As Marco Tabasso, one of the founders of Anotherview, explains: “The new technologies, besides being effective in the design phase to help imagine a space, also permit the coexistence in the same domestic setting of ‘other’ realities that enable us to ‘escape’ from our here and now, taking us elsewhere. The tendency to virtually deform and break the walls that border the reality of living space has undoubtedly always existed, and can be seen in the choice of certain decorations, the presence of paintings, such as those showing natural subjects, or in the use of warm instead of cool lighting, and the selection of furnishings. Also in public spaces, this tendency has always existed, for example in the use of frescos, or perspective strategies that alter perception of spaces, including the theatrical control of light sources.”
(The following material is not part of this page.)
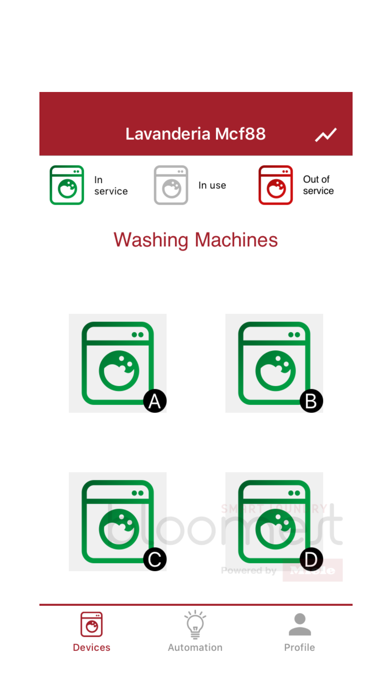 Screenshot #2 pour Bloomest Admin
He goes on: “The new technologies offer a totally different level of effectiveness, because as in the case of Anotherview they can involve multiple senses at the same time, in a more immersive way, giving us the possibility to ‘portray’ a day across 24 hours, flowing outside our window, made of small stories we can observe, voices that echo in our ears: a world that seems to exist now but is actually part of the past triggers a sort of nostalgia for the present. To somehow obtain this, we have used an analog approach, reconstructing – around the virtual element of the video – a window that is a crafted reproduction of the one from which we filmed on location, offering the spectator not only the view in itself, but also a part of the physical reality of that place in a precise moment of its history. Without leaving our living rooms, we can thus watch white horses around a pond on a summer day in the Camargue, enjoy the view of an apartment on the Upper East Side in New York on a winter afternoon, look out from a hotel room to watch a crowded cafe at Saint-Germain-des-Prés; we can observe the Wailing Wall in Jerusalem, a herd of elephants around a pool of water in Namibia, the colorful life of the ghats from a house floating on the Ganges in monsoon season.”
Our imagination does the rest: because the human mind can always reach the point of activating other senses, which accompanied by the images and sensations that are already ours, can help us to have the sensation of a gentle breeze on the skin, and the scent of the sea.
Cover photo: ‘International Liquid Finger Prayer’, installation in augmented reality by the artist Pipilotti Rist, Tour [AR] T of 'Today at Apple '. In 2019 Apple, in collaboration with New Museum, proposed a series of works by contemporary artists in AR viewable in all the Apple Stores in the world. Ph. Courtesy Apple.